Sınır Tanımayan Gazeteciler (RSF) tarafından yayımlanan 42 sayfalık rapor, Çin'deki basın özgürlüğünün durumunu 10 madde altında inceledi.
Rapora göre Çin'de, geride bıraktığımız birkaç yılda korkunç bir süratle geriye giden basın özgürlüğü, böyle giderse Çinlilerin ilerleyen yıllarda görmeyi bile başaramayacağı bir rüya olmaya devam edecek.

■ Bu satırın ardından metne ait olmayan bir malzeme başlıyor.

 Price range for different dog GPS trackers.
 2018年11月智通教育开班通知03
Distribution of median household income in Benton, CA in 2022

Buna göre ülkede gazeteciler basın kartlarını yenileyebilmek için Çin diktatörü Xi Jinping'in fikirlerini içeren yılda 90 saatlik bir eğitim programına girmek zorunda.

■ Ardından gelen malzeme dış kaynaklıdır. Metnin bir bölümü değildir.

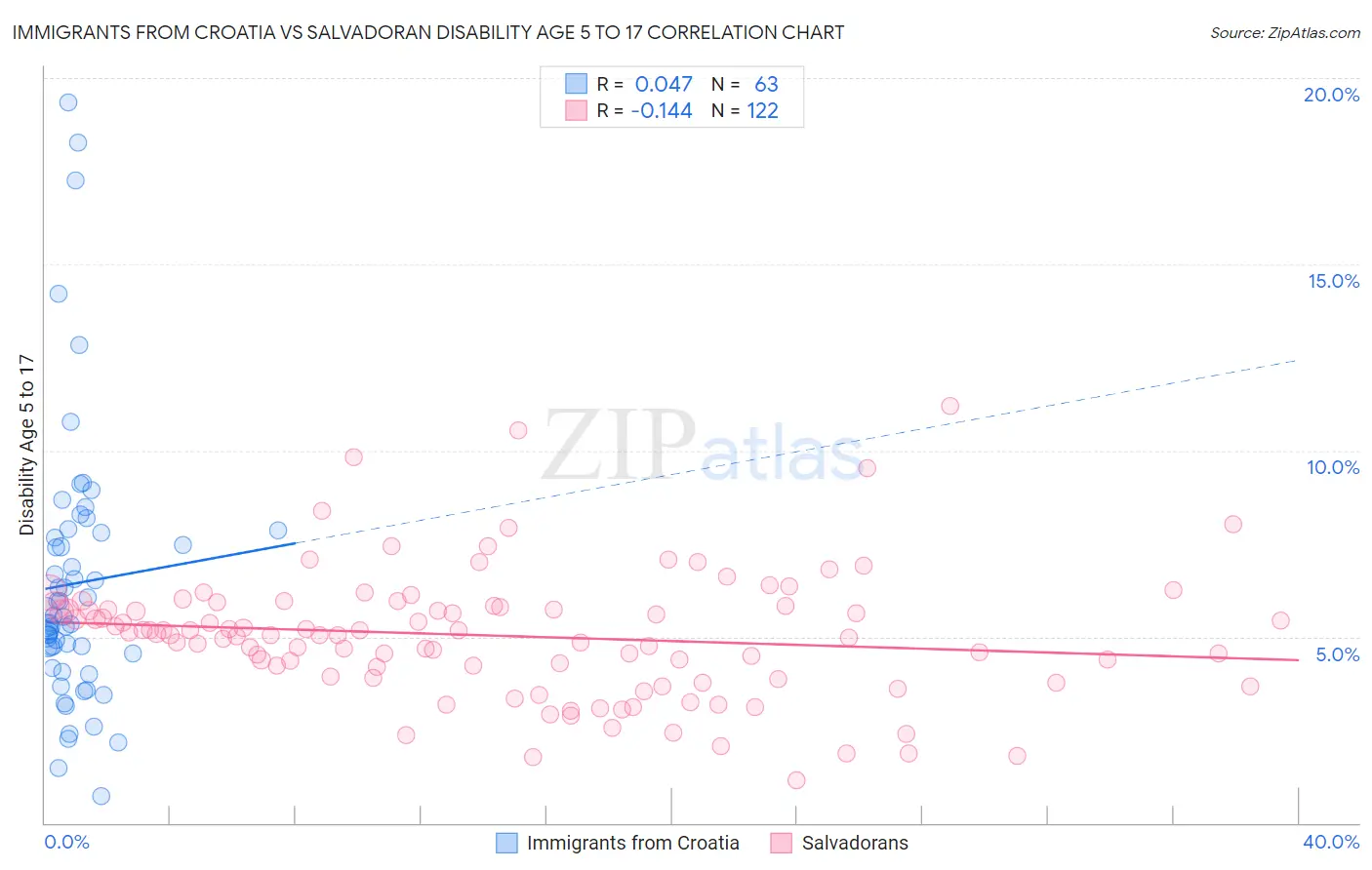 Immigrants from Croatia vs Salvadoran Disability Age 5 to 17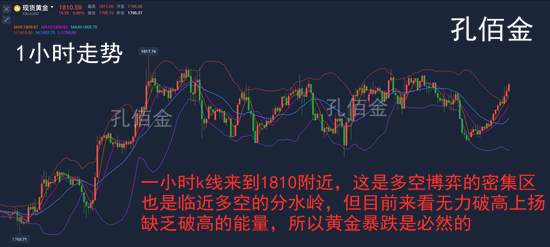 孔佰金：晚间黄金连续上涨！但上轨未破空单不慌！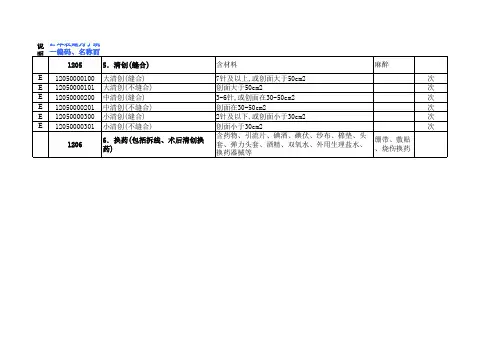 浙江省医疗服务价格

Rapora göre ülkede tespit edilebilen en az 127 gazeteci rejim tarafından gözaltına alınmış durumda. Öyle ki bir gazetecinin ÇKP rejimi tarafından tutuklanması ve berbat koşullardaki hapishanelerde yıllarca tecrit edilmesi için "hassas" konuları haber yapması yeterli.

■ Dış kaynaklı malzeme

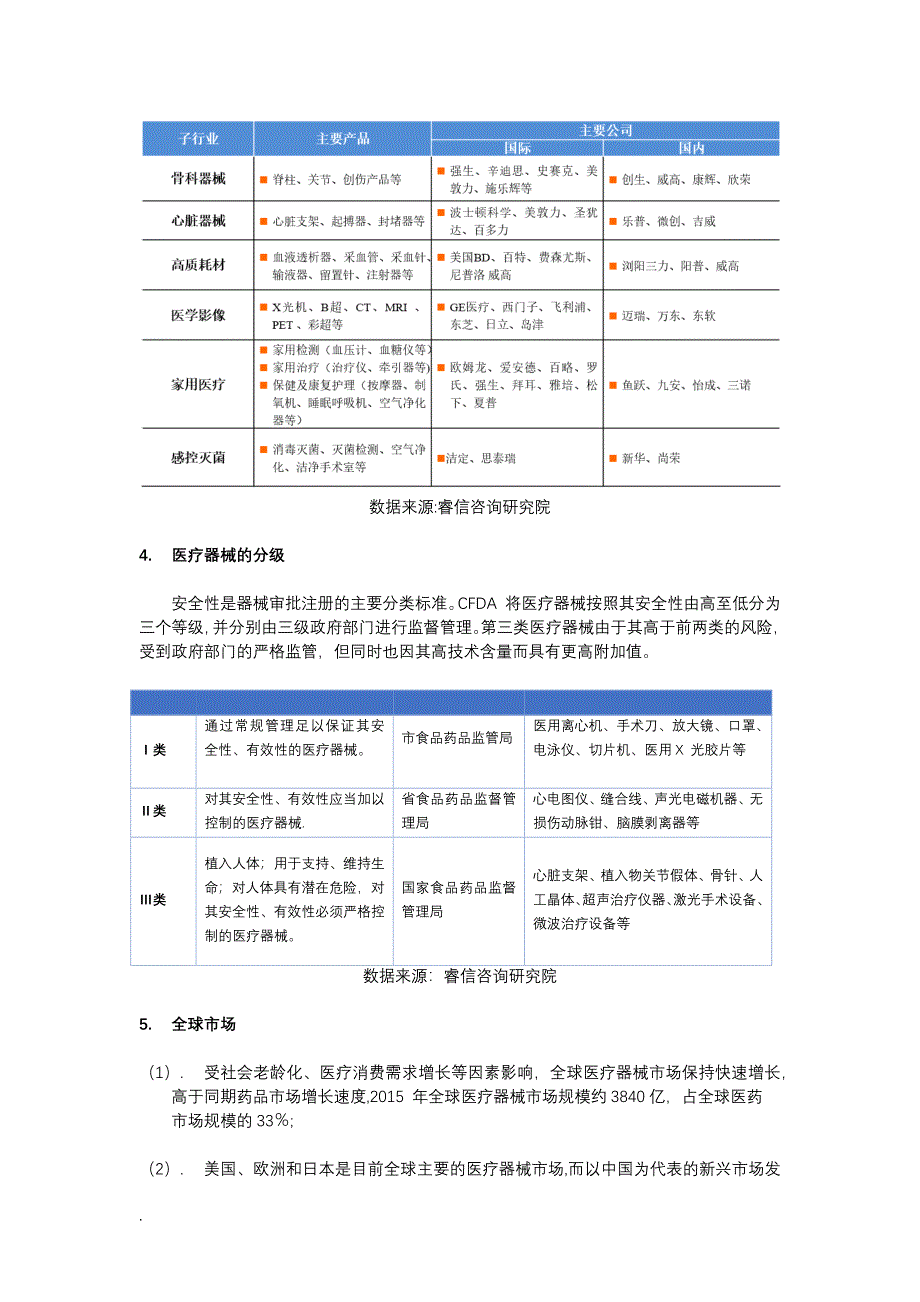 医疗器械行业现状及未来发展前景.doc_第2页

Ayrıca ülkede yabancı muhabirler de hoş karşılanmıyor. 2020 yılında 18 gazeteci ülkeden kovulurken Gui Minhai, Yang Hengjun ve Cheng Lei gibi Çin kökenli yabancı gazeteciler şu anda casusluk iddialarıyla tutuklu bulunuyor.
Yalnızca 10 gazeteci 2020 yılında Çin Virüsü'ne ilişkin yayınları nedeniyle gözaltına alındı. Bunlardan ikisi (Zhang Zhan ve Fang Bin) halen tutuklu bulunuyor.
Raporda Doğu Türkistan'da basın hürriyetine getirilen kısımlara geniş yer verildi. Pekin rejiminin 2016 yılında "terörle mücadele" yalanıyla Uygur Türklerine karşı başlattığı umumi baskı ve şiddet kampanyasına yönelik tüm basın faaliyetleri korkunç bir sindirmeye tabi tutuluyor. Öyle ki tarafından tutuklandığı tespit edilebilen 127 gazetecinin 71'i Uygur Türkü. İsimleri en çok bilinen Türk gazeteciler İlham Tohti (51) ve Gulmira İmin (43), "ayrılıkçılık" ve "devlet sırlarını ifşa etmek" gibi suçlardan ömür boyu hapse mahkum edildi. İmin'in cezası 2017 yılında 19 yıl 8 aya indirildi.